Even though Le Guin acknowledges the difficulties of even discussing ideas and their origins, she offers these five elements, or patterns, which she sees as being necessary to produce great writing:
- The patterns of the language — the sounds of words.
- The patterns of syntax and grammar; the way the words and sentences connect themselves together; the ways their connections interconnect to form the larger units (paragraphs, sections, chapters); hence the movement of the work, its tempo, pace, gait, and shape in time.
- The patterns of the images: what the words make us or let us see with the mind’s eye or sense imaginatively.
- The patterns of the ideas: what the words and the narration of events make us understand, or use our understanding upon.
- The patterns of the feelings: what the words and the narration, by using all the above means, make us experience emotionally or spiritually, in areas of our being not directly accessible to or expressible in words.
To read more about these components and the necessity of them being balanced, click on the photo of Le Guin to open the article in a new window.
"That there is an analogy between mystical experience and some of the ways in which poetry is written I do not deny … though, as I have said, whether the analogy is of significance for the student of religion or only to the psychologist, I do not know. I know, for instance, that some forms of ill-health, debility or anaemia, may (if other circumstances are favourable) produce an efflux of poetry in a way approaching the condition of automatic writing — though, in contrast to the claims sometimes made for the latter, the material has obviously been incubating within the poet, and cannot be suspected of being a present form a friendly or impertinent demon. What one writes in this way may succeed in standing the examination of a more normal state of mind; it gives me the impression, as I have said, of having undergone a long incubation, though we do not know until the shell breaks what kind of egg we have been sitting on.
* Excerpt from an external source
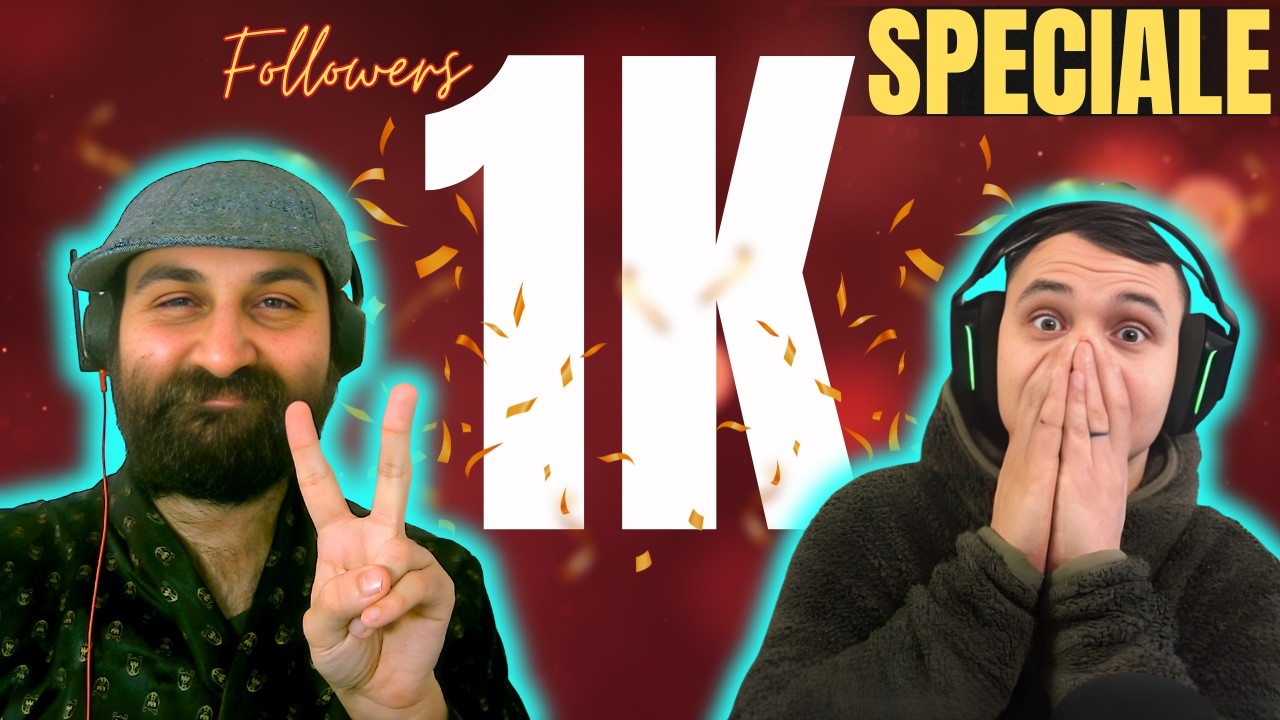 1K DI GRAZIE A TUTTI MA QUESTO è SOLO L'INIZIO! #virelshorts  #shorts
To me it seems that at these moments, which are characterised by the sudden lifting of the burden of anxiety and fear which presses upon our daily life so steadily that we are unaware of it, what happens is something negative: that is to say, not ‘inspiration’ as we commonly think of it, but the breaking down of strong habitual barriers — which tend to re-form very quickly. Some obstruction is momentarily whisked away. The accompanying feeling is less like what we know as positive pleasure, than a sudden relief from an intolerable burden. … This disturbance of our quotidian character which results in an incantation, an outburst of words which we hardly recognise as our own (because of the effortlessness), is a very different thing from mystical illumination. The latter is a vision which may be accompanied by the realisation that you will never be able to communicate it to anyone else, or even by the realisation that when it is past you will not be able to recall it to yourself; the former is not a vision but a motion terminating in an arrangement of words on paper."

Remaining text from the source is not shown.